Which one would you say is the main character? How has the artist shown us that?
The women don’t seem to be talking to each other.
What might they be thinking about?
What do you think the occasion is?
Think about their poses.
Do you think they would feel natural and comfortable or not?
Dressmakers would be very skilled at measuring, cutting fabric and sewing.
Why not try some sewing yourself?
You could practise by sewing a button onto an old sock, or you could make something using old fabric – like the scarf we made for our teddy here.
Check with an adult before you start!
© 2021 Marie-Louise von Motesiczky Charitable Trust
You will need: a needle and thread, pins, scissors, your teddy and some old fabric.
- Measure the fabric and your teddy
- Cut out the fabric
- Pin it together. Be careful!
- Thread your needle. Ask for help if it is tricky.
5. Sew your fabric together. You could try different stitches, such as a ladder stitch, a whipstitch or a running stitch.

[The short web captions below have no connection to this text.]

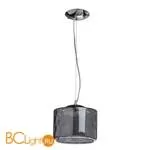 Подвесной светильник MW-Light Клэр 463011201 - Фото 0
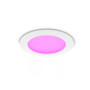 PHILIPS HUE Slim L White and Color Ambiance LED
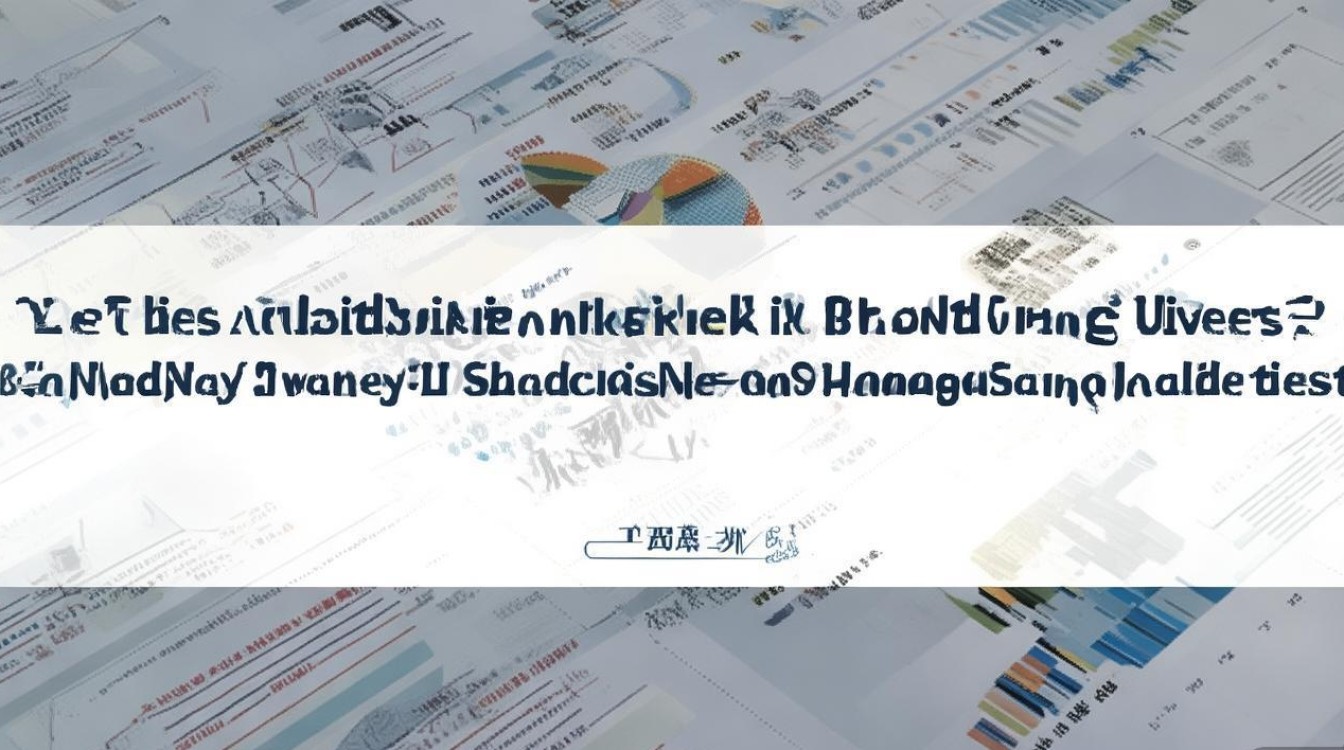 南昌大学山东录取位次多少？山东考生多少名能上？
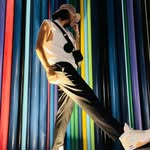 Sharron Avery - @balumerefik - Instagram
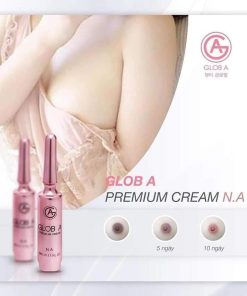 glob a premium cream kem chuyen biet vung nhu hoa n a 10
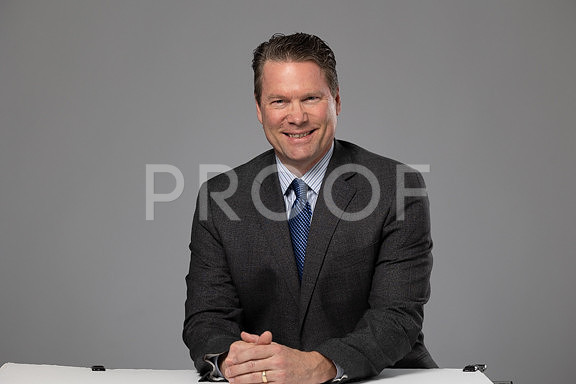 M. Foutz Proofs-236253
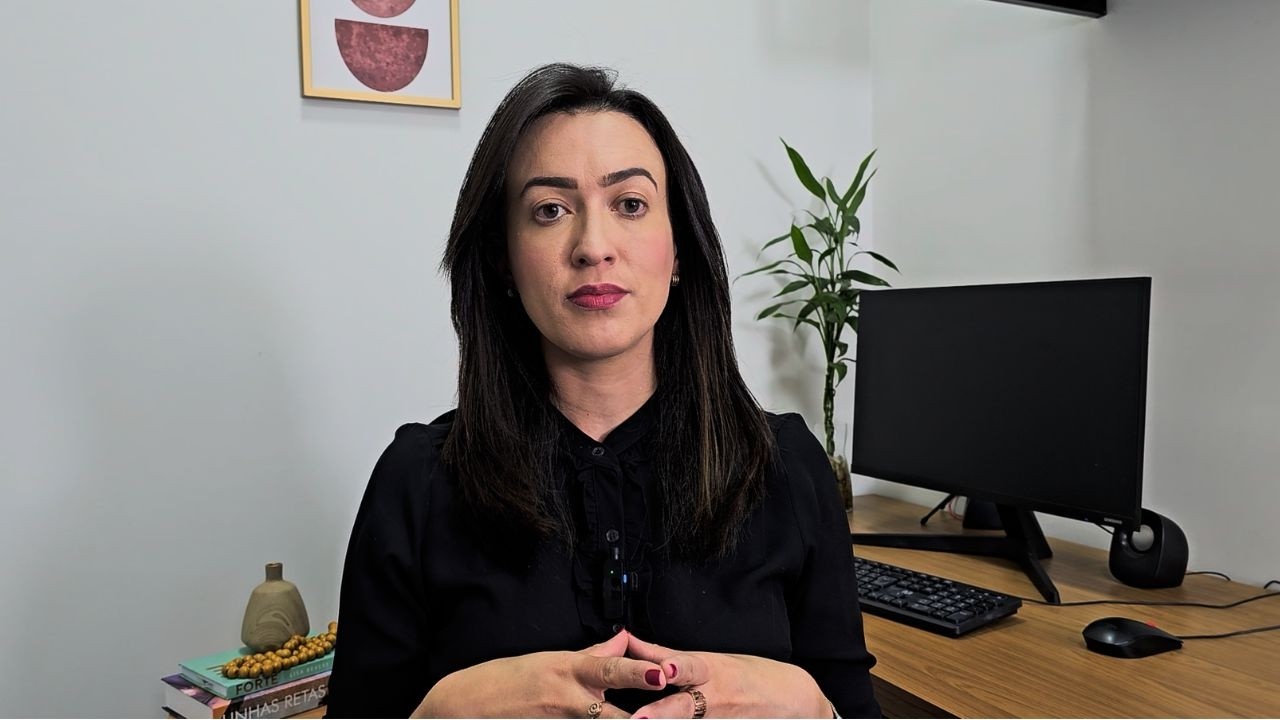 Conheça o Kit Alfabetização Estruturada — clique para assistir
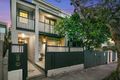 Property photo of 30 Macauley Street Leichhardt NSW 2040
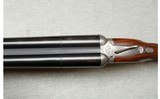 Fabarm ~ Classis Grade IV ~ 12 Gauge - 10 of 14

6. Trim off any excess fabric.
7. Style up your teddy!
The figure being fitted for a white dress is the artist, who was aged around twenty-four and living in Paris at the time. She stands slightly awkwardly with her arm raised so the dressmaker can work and our eyes are drawn to the woman’s careful hands. This was a familiar activity for the artist, who enjoyed buying clothes.
Our Head of Learning, Miranda Stearn, told us about her experience of teaching with this painting:
“When we show young people particularly, but older ones too, people assume it is a wedding dress fitting – partly I imagine because she is in white, but also because in the present day that is almost the only kind of dress people get fitted for. But in the 1930s this would have been a more normal experience for women of a certain background.
For me, this is a painting about work – specifically of being a woman. There is the dressmaker, who is clearly working. But being fitted for the dress, and that slightly awkward body language, is also work: the work of maintaining a polished, elegant appearance. Try contrasting this to earlier society portraits of women by men, which feel all about the effortless grace and elegance: this painting shows us the reality of the effort that goes into creating the perfect image captured by those earlier portraits – women’s lived experience.”